All patients underwent standard preoperative evaluation at the epilepsy center of our institution, which included clinical assessment, continuous long-term video-EEG recording, neuropsychological assessment, and 3 T-MRI scan. Before surgery, each case was discussed in a case conference by a multidisciplinary team, including epileptologists, neurosurgeons, neuroradiologists, and neuropsychologists.

The microsurgical procedure was performed using a microscope (Leica, Zeiss, Pentero, or Kinevo).

The neuroradiological evaluation was carried out on 20 normal brain MRIs (volumetric T1 3D) to check the relationship between the ASyP and the tip of the temporal horn. The images were reconstructed and evaluated with a Radiant DICOM Viewer. The distance between the plane passing through the ASyP (perpendicular to the major axis of the Sylvian fissure and perpendicular to the cortical surface) and the tip of the temporal horn was measured by counting the slices (and multiplying for the thickness) from the two planes in the coronal T1 sequences.

A postoperative tractography was established to visualize the relationship between the surgical cavity and the closest fasciculi [uncinate fasciculus (UF), inferior fronto-occipital fasciculus (IFOF), and optic radiation]. The diffusion images were acquired on a GE SignaHDxt scanner using a diffusion sequence. A DTI diffusion scheme was used, and a total of 32 diffusion sampling directions were acquired. The b-value was 1,000. The in-plane resolution was 1 mm. The slice thickness was 3 mm. DSI studio was used as a tractography software tool to reconstruct the fasciculi in the postoperative MRI.1 In brief, the raw dMRI images were first converted to Neuroimaging Informatics Technology Initiative (NIfTI) format, imported into DSI Studio (Step t3: Fiber Tracking & Visualization), corrected for eddy current distortion and motion distortion, and rotated to align with the AC-PC line before reconstruction. The resulting images were run with GQI-based group probabilistic analysis with the default setting for each patient to generate and standardize GQI-based diffusion indices (31). The tensor metrics were calculated using DWI with a b-value lower than 1750 s/mm2. We reconstructed the tracts using the default tracking parameters (qa tracking index, min length 10, max length 200, and terminate if 100,000 seeds). The tracts were generated using the AutoTrack approach by preset regions of interest (ROIs) of a template HCP-1065 implemented in DSIstudio.

Cadaveric dissections were performed on 24 color-injected human embalmed specimens (48 sides) at the Laboratory of Neuroanatomy “G. Cantore,” Parco Tecnologico IRCCS Neuromed, Pozzilli (IS), Italy. For each specimen, after a minimal frontotemporal craniotomy centered on the squamosal part of the temporal bone, the distance between the tip of the temporal pole and ASyP was measured using a ruler, as shown in Figure 1. The ATL was performed entirely in two specimens (four sides).

Figure 1

White matter dissections have been performed to clarify the anatomy and the relationships between the ASyP and key anatomical structures encountered during the surgical procedure.

Operative technique

After general anesthesia has been induced, the patient is placed supine with the head fixed with a Mayfield head holder, turned 30-degree contralaterally, and extended (Figure 2). An antibiotic prophylaxis of 2 g of cefazolin is administered preoperatively.

Figure 2

A curvilinear fronto-temporal skin incision is made, and the musculocutaneous flap is retracted in one layer (Figure 2). After exposing the zygomatic root and the zygomatic process of the frontal bone, a minimal fronto-temporal craniotomy centered on the squamosal part of the temporal bone is performed.

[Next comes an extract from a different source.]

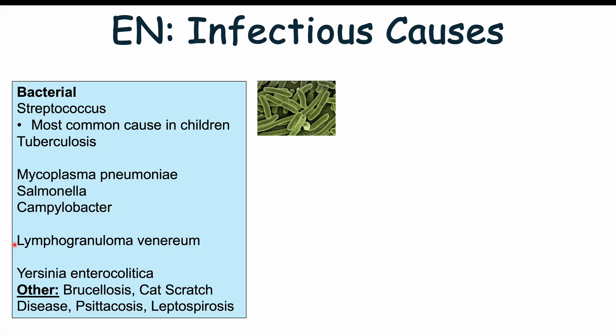Sexually transmitted infections that can lead to erythema nodosum include Chlamydia trachomatis and lymphogranuloma venereum, caused by other serotypes of chlamydia. Yersinia enterocolitica is another potential cause — very common in Finland. Other bacterial causes include brucellosis, cat scratch disease (infection with Bartonella bacteria), psittacosis (a bacterial infection from parrots), and leptospirosis, an infectious disease caused by exposure to animal urine, often seen in surfers.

A key craniometric point is the anterior squamosal point (ASqP), the most posterior part of the pterion, where the squamous suture intersects the sphenoparietal suture, underneath which the ASyP is located (27) (Figure 3A).

Figure 3

The burr hole is made approximately 2–3 cm posteriorly to the ASqP above the squamosal suture. In case of older patients, another burr hole can be placed above the zygomatic root. The frontal cut is made superiorly to the squamosal suture (bony landmark of the Sylvian fissure (SyF)) and inferiorly to the temporal line to expose the inferior frontal gyrus. The craniotomy must be as low and as anterior as possible to avoid unnecessary bone removal. Accordingly, the anterior cut is performed with a 3-mm course drill to thin the bone (Figures 3A,B). Thus, the craniotomy flap can be elevated and fractured. The residual lesser sphenoid wing is drilled and flattened to reduce the blind spot (Figure 3C). Further exposure is obtained by elevating the operating table to increase the anterior view.

The dura is opened in a “C” shape and reflected anteriorly, showing the cortical anatomy with key landmarks: SyF, pars orbitalis, triangularis and opercolaris of the inferior frontal gyrus, and the ASyP. Inferiorly, superior and middle temporal gyri (T1 and T2, respectively) are exposed (Figure 4A).

Figure 4

Once the anatomy has been inspected, the arachnoid-pia layer is opened at the level of T1 anteriorly to the ASyP, 3 mm inferior, and parallel to the SyF (Figure 4B). The pia mater is grasped and elevated, and the brain is gently separated with a Penfield dissector and aspiration from the pia layer that covers the vessels of the Sylvian fissure and the frontal gyrus (subpial technique) (Figures 4C,D). Through the pia mater in transparency, the branches of the middle cerebral artery (MCA) can be identified, in particular, the M1-M2 bifurcation corresponding to the limen insulae (Figure 4C). This point is crucial because it represents our posterior limit in depth to avoid injury posteriorly and medially to the UF/IFOF complex and lenticulostriate arteries. The subpial dissection proceeds anteriorly and medially until reaching the rhinal sulcus, the anterior projection of the collateral sulcus that divides the temporal pole from the uncus (Figure 4D).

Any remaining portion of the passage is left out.